Generally, thrillers and horror movies are far more terrifying if they are credible and easy to relate to. In the case of The Reef, all of the narrative machinations are believable, despite what some may believe. The notion of a shark stalking a party of humans may seem far-fetched but is not unheard of – the movie is in fact based on true events whereby a boat sunk in the Great Barrier Reef and the people aboard tried to swim to shore while a tiger shark stalked them. Also, great white sharks do indeed frequent the waters of the Great Barrier Reef, contrary to what some people may think. Meanwhile, the notion of a boat capsizing and/or sinking in the middle of the ocean is equally credible, and therefore incredibly terrifying. It’s easy to put yourself in the shoes of the characters and ask yourself what you would do in such an unnerving situation.
Yet another of The Reef‘s strengths is the actors, all of whom placed forth compelling portrayals of their respective roles and created distinctive characters. Headlining the movie is Damian Walshe-Howling, who was previously seen in 2006’s Macbeth and the acclaimed television series Underbelly.

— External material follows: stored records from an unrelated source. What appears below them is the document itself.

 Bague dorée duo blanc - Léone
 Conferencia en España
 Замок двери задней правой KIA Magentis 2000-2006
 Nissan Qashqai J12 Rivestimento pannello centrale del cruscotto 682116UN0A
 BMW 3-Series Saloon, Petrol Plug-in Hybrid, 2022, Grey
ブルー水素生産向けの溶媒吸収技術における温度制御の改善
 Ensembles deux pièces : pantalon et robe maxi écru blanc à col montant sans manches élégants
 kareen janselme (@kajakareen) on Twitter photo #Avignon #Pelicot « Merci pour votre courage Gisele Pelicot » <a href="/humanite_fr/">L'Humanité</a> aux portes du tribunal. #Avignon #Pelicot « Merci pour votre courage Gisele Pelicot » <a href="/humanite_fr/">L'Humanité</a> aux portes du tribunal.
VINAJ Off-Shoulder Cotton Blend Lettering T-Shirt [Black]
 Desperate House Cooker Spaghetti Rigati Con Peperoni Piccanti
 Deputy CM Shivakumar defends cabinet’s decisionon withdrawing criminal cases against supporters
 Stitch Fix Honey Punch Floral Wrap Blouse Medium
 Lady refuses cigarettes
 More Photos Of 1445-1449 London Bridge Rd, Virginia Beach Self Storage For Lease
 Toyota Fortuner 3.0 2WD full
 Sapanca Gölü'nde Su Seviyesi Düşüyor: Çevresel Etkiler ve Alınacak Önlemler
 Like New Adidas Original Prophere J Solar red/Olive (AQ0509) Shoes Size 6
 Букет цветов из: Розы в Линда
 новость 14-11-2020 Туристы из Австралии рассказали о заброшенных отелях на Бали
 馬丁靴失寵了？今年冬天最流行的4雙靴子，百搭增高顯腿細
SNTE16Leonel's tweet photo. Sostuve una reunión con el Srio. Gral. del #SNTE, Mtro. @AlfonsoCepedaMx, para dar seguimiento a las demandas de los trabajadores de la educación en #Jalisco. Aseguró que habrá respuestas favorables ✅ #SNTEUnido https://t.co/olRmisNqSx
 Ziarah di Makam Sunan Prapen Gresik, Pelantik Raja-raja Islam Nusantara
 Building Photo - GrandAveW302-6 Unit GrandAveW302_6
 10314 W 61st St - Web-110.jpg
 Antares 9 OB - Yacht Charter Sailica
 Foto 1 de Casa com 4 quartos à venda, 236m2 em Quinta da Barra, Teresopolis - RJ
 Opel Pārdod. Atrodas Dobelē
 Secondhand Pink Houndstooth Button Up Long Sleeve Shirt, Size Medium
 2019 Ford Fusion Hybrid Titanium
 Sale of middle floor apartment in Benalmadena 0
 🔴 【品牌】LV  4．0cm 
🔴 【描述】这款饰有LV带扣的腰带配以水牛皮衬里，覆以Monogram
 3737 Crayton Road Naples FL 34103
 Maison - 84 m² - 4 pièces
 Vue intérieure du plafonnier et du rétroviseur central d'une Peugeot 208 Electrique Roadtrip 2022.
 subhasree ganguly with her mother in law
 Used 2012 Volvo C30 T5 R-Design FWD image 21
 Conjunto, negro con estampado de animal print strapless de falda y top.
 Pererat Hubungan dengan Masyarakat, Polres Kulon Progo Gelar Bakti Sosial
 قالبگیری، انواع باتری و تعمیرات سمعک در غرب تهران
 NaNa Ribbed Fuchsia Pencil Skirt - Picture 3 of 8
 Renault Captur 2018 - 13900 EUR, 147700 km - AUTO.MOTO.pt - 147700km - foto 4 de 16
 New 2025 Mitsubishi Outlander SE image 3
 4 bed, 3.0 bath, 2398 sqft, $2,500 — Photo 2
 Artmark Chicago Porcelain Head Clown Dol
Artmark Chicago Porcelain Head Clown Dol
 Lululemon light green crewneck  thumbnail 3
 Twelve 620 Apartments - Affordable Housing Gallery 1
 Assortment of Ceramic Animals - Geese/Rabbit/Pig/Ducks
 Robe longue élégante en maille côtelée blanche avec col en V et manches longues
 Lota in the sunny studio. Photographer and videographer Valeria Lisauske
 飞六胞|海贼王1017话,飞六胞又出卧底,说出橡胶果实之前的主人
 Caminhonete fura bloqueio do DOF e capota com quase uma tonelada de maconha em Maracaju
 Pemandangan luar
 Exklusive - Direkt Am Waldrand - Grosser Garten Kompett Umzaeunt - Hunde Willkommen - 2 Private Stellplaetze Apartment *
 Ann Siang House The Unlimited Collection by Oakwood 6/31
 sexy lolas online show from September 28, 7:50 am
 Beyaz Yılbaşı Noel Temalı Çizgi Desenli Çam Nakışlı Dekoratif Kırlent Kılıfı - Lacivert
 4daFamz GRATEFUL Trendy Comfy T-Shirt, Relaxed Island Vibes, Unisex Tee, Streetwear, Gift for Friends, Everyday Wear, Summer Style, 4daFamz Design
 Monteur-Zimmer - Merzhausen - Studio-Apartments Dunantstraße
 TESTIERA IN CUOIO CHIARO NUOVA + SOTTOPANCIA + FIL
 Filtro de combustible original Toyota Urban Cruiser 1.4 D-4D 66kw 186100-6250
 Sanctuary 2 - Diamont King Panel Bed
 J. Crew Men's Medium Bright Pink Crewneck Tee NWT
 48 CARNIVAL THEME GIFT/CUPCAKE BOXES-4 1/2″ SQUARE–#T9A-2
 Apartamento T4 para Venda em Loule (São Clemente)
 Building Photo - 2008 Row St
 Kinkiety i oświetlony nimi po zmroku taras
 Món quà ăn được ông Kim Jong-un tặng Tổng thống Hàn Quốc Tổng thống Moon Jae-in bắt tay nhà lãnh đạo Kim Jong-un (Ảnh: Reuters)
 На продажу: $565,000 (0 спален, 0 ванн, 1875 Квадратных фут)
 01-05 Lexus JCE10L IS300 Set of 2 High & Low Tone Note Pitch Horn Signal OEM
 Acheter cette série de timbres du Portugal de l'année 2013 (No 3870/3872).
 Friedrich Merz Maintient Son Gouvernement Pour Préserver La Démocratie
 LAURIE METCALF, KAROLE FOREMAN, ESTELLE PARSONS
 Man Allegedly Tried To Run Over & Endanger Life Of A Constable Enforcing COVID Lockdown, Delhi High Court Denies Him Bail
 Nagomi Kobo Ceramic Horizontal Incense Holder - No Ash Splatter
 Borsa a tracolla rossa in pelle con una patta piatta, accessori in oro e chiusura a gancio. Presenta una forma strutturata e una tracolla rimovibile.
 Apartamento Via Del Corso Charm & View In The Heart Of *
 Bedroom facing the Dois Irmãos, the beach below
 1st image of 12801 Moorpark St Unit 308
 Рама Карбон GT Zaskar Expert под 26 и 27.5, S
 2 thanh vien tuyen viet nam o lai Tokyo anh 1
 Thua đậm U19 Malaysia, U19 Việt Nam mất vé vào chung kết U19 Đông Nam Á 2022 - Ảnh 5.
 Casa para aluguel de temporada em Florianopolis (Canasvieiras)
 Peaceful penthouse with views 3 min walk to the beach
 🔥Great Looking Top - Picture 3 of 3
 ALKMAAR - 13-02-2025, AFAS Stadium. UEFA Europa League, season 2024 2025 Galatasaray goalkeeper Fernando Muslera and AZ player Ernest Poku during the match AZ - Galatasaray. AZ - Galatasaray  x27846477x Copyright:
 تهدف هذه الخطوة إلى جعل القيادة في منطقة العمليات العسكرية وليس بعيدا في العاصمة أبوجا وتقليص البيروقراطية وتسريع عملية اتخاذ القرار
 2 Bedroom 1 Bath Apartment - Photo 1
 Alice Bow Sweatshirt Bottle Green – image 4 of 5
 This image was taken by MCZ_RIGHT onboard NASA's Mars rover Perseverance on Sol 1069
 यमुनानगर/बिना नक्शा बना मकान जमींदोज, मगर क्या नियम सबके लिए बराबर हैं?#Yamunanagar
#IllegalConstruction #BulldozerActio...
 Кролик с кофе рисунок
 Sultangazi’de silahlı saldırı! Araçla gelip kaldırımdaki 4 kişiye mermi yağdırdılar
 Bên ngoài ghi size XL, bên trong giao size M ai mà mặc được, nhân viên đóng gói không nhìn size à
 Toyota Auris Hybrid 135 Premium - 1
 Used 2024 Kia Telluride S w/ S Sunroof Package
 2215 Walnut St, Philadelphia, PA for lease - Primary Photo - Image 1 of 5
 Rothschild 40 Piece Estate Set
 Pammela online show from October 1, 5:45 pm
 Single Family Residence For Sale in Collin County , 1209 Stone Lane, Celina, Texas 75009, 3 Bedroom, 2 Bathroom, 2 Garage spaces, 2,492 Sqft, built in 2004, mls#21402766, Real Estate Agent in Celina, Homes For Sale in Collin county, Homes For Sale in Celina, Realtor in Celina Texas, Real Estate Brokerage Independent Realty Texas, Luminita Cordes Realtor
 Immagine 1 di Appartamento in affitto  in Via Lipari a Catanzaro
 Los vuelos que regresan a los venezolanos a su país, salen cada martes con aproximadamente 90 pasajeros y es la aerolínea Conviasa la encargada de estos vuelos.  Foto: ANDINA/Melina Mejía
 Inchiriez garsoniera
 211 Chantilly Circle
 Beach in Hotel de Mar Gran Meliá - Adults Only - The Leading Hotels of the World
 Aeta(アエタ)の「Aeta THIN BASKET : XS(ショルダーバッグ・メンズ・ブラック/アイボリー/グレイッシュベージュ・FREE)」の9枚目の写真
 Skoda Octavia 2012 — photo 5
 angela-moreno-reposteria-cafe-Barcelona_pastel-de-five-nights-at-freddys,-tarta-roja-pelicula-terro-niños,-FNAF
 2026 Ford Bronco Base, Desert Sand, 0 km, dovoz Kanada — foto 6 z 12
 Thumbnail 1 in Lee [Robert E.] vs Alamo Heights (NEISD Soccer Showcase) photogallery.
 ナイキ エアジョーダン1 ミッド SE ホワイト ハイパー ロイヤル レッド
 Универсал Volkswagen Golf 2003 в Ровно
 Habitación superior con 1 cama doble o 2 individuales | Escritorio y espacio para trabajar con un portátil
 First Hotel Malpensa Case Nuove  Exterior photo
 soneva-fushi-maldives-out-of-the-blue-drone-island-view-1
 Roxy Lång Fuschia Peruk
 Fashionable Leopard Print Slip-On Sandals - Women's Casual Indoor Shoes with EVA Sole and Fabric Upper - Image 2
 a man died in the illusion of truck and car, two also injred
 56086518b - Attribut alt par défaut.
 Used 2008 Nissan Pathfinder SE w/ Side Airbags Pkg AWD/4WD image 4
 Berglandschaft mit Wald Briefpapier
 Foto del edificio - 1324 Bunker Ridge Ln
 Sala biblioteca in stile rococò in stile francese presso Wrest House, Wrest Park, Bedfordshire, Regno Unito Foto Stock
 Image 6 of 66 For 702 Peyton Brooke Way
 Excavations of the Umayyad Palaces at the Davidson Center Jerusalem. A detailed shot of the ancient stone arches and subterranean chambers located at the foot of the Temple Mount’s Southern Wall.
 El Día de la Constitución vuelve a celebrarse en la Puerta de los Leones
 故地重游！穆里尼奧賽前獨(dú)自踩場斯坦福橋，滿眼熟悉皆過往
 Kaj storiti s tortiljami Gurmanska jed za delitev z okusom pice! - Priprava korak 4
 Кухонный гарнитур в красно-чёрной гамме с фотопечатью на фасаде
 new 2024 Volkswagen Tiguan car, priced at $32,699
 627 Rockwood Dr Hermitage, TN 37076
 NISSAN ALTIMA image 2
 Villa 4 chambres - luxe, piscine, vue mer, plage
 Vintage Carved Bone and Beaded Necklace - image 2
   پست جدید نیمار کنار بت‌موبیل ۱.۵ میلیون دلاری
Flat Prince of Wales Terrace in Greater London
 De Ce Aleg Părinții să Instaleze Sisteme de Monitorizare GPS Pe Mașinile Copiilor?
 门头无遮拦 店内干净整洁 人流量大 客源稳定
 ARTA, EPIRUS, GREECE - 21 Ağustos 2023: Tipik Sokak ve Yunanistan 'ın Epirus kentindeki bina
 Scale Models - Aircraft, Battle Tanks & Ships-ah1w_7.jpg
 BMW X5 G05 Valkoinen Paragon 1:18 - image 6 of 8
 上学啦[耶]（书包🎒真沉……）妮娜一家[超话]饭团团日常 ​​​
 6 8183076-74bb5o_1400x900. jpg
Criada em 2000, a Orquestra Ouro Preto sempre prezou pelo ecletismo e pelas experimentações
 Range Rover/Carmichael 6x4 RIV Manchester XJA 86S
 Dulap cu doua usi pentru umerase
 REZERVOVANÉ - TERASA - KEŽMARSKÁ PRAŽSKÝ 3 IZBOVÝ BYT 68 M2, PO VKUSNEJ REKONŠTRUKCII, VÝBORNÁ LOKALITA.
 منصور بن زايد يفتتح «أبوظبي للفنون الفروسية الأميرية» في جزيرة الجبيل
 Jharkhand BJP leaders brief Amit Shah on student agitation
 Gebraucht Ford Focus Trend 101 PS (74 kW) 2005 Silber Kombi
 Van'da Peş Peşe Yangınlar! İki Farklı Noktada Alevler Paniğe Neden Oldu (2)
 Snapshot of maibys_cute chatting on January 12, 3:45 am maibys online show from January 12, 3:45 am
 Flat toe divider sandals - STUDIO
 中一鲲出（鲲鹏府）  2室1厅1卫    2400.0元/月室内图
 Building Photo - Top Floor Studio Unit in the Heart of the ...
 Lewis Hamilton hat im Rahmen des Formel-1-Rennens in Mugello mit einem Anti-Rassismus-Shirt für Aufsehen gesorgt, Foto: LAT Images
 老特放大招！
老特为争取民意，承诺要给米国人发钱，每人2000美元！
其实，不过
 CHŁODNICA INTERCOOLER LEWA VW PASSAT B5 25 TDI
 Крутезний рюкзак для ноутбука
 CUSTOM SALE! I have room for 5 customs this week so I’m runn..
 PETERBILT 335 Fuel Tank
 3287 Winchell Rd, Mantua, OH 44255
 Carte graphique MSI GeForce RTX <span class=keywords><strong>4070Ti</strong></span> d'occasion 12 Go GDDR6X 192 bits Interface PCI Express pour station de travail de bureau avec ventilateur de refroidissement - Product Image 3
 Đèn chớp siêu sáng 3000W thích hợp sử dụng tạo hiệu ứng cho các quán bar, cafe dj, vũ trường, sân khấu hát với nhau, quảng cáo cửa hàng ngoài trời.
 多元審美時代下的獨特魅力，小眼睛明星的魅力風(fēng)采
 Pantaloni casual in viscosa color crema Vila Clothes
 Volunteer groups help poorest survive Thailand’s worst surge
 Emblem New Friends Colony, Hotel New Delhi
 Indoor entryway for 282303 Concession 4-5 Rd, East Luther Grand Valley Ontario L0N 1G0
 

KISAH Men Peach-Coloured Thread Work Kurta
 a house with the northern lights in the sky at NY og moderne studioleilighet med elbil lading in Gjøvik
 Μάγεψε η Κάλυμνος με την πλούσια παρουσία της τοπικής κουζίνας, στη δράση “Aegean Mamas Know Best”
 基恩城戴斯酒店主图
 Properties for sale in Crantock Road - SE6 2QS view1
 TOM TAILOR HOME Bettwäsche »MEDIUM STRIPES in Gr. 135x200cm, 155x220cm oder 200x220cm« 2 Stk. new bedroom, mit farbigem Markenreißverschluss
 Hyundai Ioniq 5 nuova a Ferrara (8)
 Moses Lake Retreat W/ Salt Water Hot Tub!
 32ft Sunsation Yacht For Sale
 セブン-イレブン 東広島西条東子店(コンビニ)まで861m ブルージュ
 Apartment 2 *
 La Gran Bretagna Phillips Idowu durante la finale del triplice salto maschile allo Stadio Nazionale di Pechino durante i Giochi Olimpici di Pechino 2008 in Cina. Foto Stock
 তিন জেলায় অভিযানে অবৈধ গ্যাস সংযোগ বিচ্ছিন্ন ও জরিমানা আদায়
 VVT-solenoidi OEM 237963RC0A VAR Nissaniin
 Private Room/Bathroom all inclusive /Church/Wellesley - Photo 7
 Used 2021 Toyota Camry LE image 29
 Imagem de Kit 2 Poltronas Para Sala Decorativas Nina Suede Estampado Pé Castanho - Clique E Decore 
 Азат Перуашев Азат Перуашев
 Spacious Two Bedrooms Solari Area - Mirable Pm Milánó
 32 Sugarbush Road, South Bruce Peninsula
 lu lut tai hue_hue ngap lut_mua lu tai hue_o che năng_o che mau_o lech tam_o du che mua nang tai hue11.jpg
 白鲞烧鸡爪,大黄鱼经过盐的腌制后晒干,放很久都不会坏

As Luke, Walshe-Howling is an excellent hero who ticks all the boxes: he’s charismatic, he’s commanding, and he’s a great leader. Alongside him is Gyton Grantley, who also featured in Underbelly and Balibo. Like his co-stars, Grantley is infinitely likeable, and it’s possible to care about his fate once the shark enters the picture. As the females of the picture, Adrienne Pickering and Zoe Naylor are both effortlessly charming, while Kieran Darcy-Smith (The Square) holds his own in the more minor supporting role of Warren.
Admittedly, The Reef is not perfect – a few clumsy lines mire an otherwise top-notch script (such as a corny “I love you” exchange), and there’s a head-scratching plot hole (the yacht was towing a dinghy, yet it disappears once the boat is capsized). Nevertheless, this is the shark thriller that cinema fans have been anticipating for years. It’s low-budget, sure, but the special effects are head over heals superior to other, more generously-budgeted shark features (see Deep Blue Sea or the Jaws sequels). Writer-director Traucki’s masterful manipulation of tension levels also ensure that viewers may again be hesitant to partake in a prolonged ocean swim.